The cybersecurity agency VECERT Analyst reported on March 17 a knowledge leak in QuoVadis Venezuela, attributed to the attacker ‘malconguerra2’. This risk actor is already chargeable for the breaches in Cashea and BT Journey, thus including to the latest wave of incidents that has affected different platforms within the nation, similar to Yummy Rides and Rapikom in lower than 1 much less.
Based on the VECERT crew, the brand new breach in QuoVadis uncovered greater than 43,000 information, together with knowledge from 23,362 prospects.
Based on the report, the leaked recordsdata include digital copies of passports and identification playing cards, bank card particulars, full cost historical pastjourney information and data from affiliated brokers. The amount of leaked data exceeds 100 megabytes (MB), VECERT defined.
Combining identification paperwork with full monetary knowledge is particularly delicate. Such a data permits financial institution fraud, identification theft and assaults similar to phishing directed, a observe during which an attacker simulates a official communication from an organization to acquire individuals’s non-public knowledge and thus violate financial institution accounts, cryptocurrency wallets, amongst others.
On the time of this writing, QuoVadis has not made an official assertion explaining what occurred. This firm, based mostly in Caracas, Venezuela, is concentrated on personalised service, flights, packages, journey and nationwide tourism.
The identical actor, three victims in a single month
The assault on QuoVadis is just not an remoted incident. As CriptoNoticias defined, “Malconguerra2” is identical actor that VECERT held chargeable for the leak of BT Journey Venezuela, reported March 16.
On this incident, the breach affected greater than 56,000 prospects and uncovered 1 gigabyte (GB) of delicate data, together with passports, IDs, bank cards and 36,614 journey information.

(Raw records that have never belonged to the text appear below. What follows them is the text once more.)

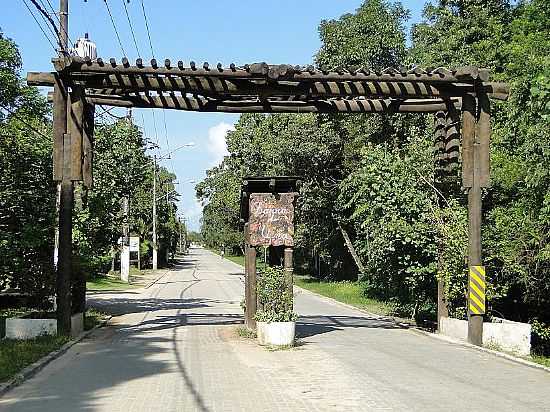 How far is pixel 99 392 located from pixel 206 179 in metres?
72.7

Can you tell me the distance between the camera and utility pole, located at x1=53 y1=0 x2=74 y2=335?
52.5 feet

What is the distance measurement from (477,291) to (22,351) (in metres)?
9.35

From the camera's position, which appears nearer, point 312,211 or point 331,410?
point 331,410

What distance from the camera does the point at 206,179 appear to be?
82.2 meters

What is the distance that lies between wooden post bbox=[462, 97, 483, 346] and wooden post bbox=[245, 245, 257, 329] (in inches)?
194

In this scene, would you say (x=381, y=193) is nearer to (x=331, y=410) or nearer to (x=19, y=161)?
(x=19, y=161)

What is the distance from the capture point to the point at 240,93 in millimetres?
16297

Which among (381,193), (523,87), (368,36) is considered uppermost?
(368,36)

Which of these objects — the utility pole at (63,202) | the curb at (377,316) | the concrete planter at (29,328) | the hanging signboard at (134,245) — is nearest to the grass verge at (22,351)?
the concrete planter at (29,328)

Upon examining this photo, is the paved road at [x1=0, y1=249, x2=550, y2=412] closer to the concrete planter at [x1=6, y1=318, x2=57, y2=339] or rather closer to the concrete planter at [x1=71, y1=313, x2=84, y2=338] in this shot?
the concrete planter at [x1=71, y1=313, x2=84, y2=338]

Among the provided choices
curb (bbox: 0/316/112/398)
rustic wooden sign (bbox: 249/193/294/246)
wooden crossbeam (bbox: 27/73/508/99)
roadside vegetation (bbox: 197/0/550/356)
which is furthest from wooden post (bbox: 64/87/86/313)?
roadside vegetation (bbox: 197/0/550/356)

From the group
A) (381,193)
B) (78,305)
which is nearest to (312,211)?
(381,193)

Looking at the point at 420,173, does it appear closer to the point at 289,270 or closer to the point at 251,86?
the point at 289,270

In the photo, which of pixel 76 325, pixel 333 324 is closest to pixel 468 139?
pixel 333 324
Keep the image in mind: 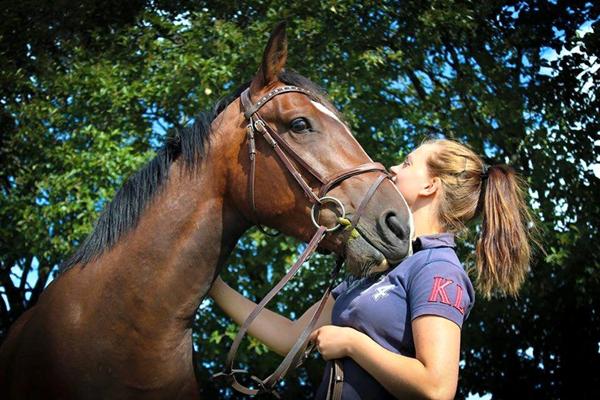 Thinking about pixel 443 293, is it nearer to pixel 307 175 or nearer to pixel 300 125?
pixel 307 175

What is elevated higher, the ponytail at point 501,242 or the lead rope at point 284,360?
the ponytail at point 501,242

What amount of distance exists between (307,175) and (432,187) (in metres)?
0.48

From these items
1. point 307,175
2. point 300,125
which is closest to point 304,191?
point 307,175

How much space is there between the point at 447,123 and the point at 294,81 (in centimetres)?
412

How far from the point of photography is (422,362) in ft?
7.13

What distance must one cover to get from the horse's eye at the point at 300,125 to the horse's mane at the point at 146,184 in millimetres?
166

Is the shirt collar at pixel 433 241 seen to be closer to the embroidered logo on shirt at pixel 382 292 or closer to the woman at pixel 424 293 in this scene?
the woman at pixel 424 293

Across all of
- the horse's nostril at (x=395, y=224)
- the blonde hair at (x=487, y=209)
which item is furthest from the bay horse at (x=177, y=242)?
the blonde hair at (x=487, y=209)

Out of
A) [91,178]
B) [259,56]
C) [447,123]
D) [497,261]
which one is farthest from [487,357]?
[497,261]

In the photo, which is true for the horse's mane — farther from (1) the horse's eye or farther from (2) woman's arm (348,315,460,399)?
(2) woman's arm (348,315,460,399)

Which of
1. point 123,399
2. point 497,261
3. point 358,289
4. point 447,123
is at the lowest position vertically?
point 123,399

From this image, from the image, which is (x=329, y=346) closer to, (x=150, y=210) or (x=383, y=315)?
(x=383, y=315)

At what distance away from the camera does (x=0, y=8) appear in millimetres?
8656

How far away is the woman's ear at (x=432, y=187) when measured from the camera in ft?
8.91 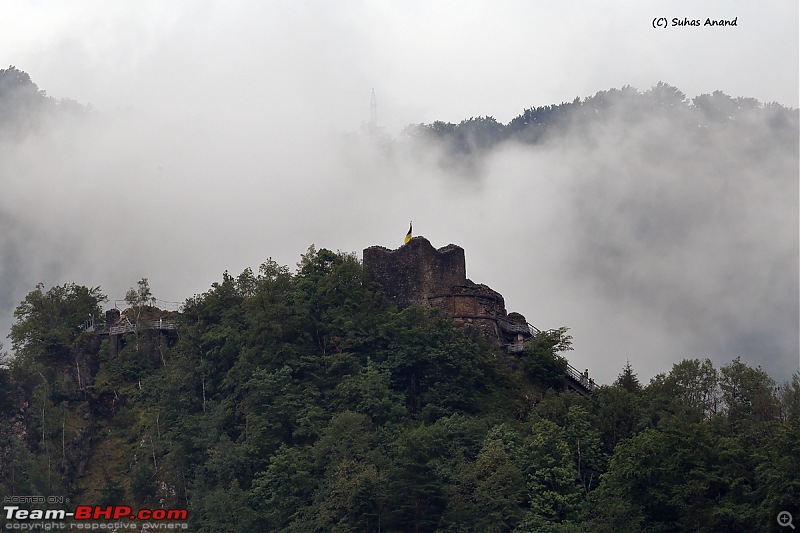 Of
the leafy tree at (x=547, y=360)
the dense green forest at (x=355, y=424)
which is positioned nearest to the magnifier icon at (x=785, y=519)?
the dense green forest at (x=355, y=424)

Beforehand, on February 21, at similar attacker was blamed for the Cashea leakthe place it compromised a 46.5 GB database with greater than 79 million transactional information.

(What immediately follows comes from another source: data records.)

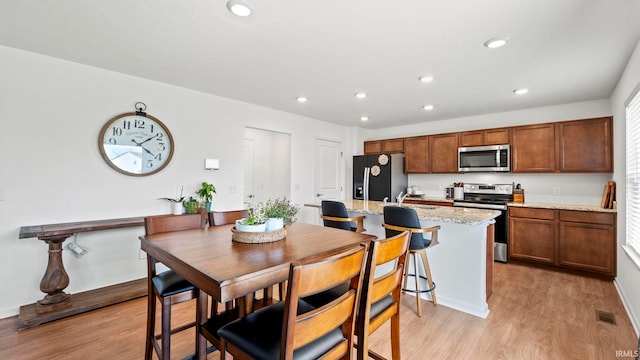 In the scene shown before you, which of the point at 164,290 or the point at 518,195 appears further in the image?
the point at 518,195

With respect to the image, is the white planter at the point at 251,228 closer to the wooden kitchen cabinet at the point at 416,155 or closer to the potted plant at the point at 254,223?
the potted plant at the point at 254,223

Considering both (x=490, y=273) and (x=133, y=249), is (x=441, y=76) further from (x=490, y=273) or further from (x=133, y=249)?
(x=133, y=249)

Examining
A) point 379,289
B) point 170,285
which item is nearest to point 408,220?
point 379,289

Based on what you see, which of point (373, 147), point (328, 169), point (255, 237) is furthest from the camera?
point (373, 147)

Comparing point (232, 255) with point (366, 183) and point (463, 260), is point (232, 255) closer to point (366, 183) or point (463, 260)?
point (463, 260)

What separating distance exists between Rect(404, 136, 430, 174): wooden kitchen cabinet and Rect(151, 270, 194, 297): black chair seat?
4629 mm

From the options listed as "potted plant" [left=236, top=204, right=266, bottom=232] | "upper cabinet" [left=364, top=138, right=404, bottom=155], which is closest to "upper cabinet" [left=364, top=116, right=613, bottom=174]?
"upper cabinet" [left=364, top=138, right=404, bottom=155]

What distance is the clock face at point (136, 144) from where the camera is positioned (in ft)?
9.87

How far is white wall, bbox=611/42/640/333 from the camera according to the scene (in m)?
2.38

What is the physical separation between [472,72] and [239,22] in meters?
2.31

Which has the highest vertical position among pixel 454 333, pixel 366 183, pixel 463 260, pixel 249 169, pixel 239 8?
pixel 239 8

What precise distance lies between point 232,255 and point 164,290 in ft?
2.01

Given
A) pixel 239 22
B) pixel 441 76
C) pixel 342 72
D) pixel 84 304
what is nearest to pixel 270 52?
pixel 239 22

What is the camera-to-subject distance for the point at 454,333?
2283mm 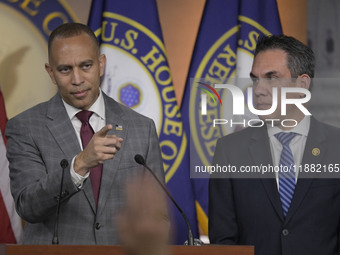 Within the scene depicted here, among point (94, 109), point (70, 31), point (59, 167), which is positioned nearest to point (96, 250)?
point (59, 167)

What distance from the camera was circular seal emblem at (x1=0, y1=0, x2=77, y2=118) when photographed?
142 inches

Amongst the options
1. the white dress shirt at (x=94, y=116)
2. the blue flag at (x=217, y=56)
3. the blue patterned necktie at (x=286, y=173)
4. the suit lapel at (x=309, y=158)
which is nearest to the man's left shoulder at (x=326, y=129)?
the suit lapel at (x=309, y=158)

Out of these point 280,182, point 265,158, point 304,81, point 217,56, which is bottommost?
point 280,182

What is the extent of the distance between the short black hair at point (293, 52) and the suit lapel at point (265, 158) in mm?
333

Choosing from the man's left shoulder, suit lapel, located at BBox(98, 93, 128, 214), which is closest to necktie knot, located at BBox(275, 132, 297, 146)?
the man's left shoulder

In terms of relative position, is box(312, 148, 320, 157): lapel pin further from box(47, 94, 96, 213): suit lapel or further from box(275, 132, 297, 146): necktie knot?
box(47, 94, 96, 213): suit lapel

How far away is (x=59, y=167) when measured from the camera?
2.36 m

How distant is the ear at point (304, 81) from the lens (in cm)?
272

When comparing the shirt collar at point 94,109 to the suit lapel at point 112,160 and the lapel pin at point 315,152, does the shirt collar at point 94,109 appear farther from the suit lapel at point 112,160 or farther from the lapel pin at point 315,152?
the lapel pin at point 315,152

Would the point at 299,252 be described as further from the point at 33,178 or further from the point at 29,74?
the point at 29,74

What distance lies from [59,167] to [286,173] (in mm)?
1031

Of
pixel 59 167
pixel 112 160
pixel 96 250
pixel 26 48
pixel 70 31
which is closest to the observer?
pixel 96 250

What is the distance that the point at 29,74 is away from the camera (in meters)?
3.62

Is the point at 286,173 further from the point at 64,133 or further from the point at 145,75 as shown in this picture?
the point at 145,75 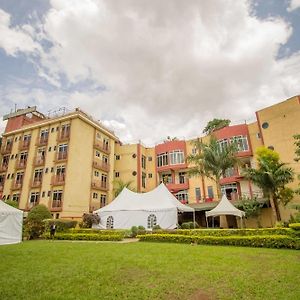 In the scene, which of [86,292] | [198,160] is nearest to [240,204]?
[198,160]

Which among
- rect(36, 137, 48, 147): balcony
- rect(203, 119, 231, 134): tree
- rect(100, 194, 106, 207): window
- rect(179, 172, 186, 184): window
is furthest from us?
rect(203, 119, 231, 134): tree

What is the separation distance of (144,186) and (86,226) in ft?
46.4

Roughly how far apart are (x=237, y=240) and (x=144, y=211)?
11.3 meters

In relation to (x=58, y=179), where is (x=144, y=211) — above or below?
below

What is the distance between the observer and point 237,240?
13.9m

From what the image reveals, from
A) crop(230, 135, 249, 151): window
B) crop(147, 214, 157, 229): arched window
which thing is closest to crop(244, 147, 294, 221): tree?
crop(230, 135, 249, 151): window

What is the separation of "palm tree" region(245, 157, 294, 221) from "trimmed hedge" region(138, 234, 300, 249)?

On the time, the digital credit score platform confirmed the occasion, though dominated out that consumer passwords or accounts had been compromised. This collection of incidents—three in lower than a month and two towards the tourism sector in simply 24 hours—represents what VECERT describes as a ‘marketing campaign directed towards the nation’s tourism infrastructure.’
The cryptocurrency analyst identified in X as Cisco rated “malconguerra2” as “essentially the most prolific cyber attacker in Venezuelan digital historical past” and warned that “that is removed from over.” In his publication he additionally identified the absence of an official response: “I’m wondering if some authority will say one thing or we are going to all faux like nothing is occurring.”
There are already 5 functions compromised in Venezuela
On March 8 and 9, the Venezuelan digital ecosystem recorded the Yummy Rides and Rapikom leaks. This time attributed by VECERT to a distinct actor recognized as “GordonFreeman.”
The Rapikom breach uncovered 5,000 information together with passwords, cost strategies, tax data and contacts of affiliated firms. For its half, the Yummy leak consisted of the publication of 30,000 photographs related to the identification of the drivers registered on the platform.
In contrast to monetary knowledge, exposing pictures and names of drivers represents a bodily security danger to these affected.
Likewise, a sixth vulnerability could possibly be added in Venezuela that occurred firstly of January. Kontigo, a Venezuelan monetary companies platform with digital belongings, suffered on January 5 drain of over USD 300,000 in USDC. Nonetheless, the following day, they assured that the corporate returned the funds to the affected customers.
Taken collectively, the leaks attributed to “malconguerra2” on Cashea, BT Journey and QuoVadis add as much as greater than 47 GB of information. BT Journey and QuoVadis have greater than 79,000 prospects with uncovered bank card knowledge, though the sources don’t specify what number of information embody that exact knowledge. Concerning the Yummy Rides and Rapikom leaks, attributed to “GordonFreeman”, VECERT didn’t element the amount in gigabytes.
Given the buildup of incidents, the sample suggests two particular wants. On the enterprise aspect, strengthen safety structure with which they retailer delicate knowledge of their shoppers. On the consumer aspect, consider which platforms they share monetary and identification data with, given that after filtered, this knowledge can’t be recovered.